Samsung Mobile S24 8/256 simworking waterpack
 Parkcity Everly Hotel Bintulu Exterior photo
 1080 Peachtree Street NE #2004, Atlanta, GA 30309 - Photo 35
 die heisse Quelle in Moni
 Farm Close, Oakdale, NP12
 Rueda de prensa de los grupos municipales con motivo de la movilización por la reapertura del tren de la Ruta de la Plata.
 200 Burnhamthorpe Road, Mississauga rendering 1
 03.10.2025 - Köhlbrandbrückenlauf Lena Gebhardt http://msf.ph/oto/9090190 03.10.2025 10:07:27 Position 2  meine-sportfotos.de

[WHAT YOU HAVE TO DO]
An exact copy of every entry is required.

[ANSWER SPACE]
Samsung Mobile S24 8/256 simworking waterpack
 Parkcity Everly Hotel Bintulu Exterior photo
 1080 Peachtree Street NE #2004, Atlanta, GA 30309 - Photo 35
 die heisse Quelle in Moni
 Farm Close, Oakdale, NP12
 Rueda de prensa de los grupos municipales con motivo de la movilización por la reapertura del tren de la Ruta de la Plata.
 200 Burnhamthorpe Road, Mississauga rendering 1
 03.10.2025 - Köhlbrandbrückenlauf Lena Gebhardt http://msf.ph/oto/9090190 03.10.2025 10:07:27 Position 2  meine-sportfotos.de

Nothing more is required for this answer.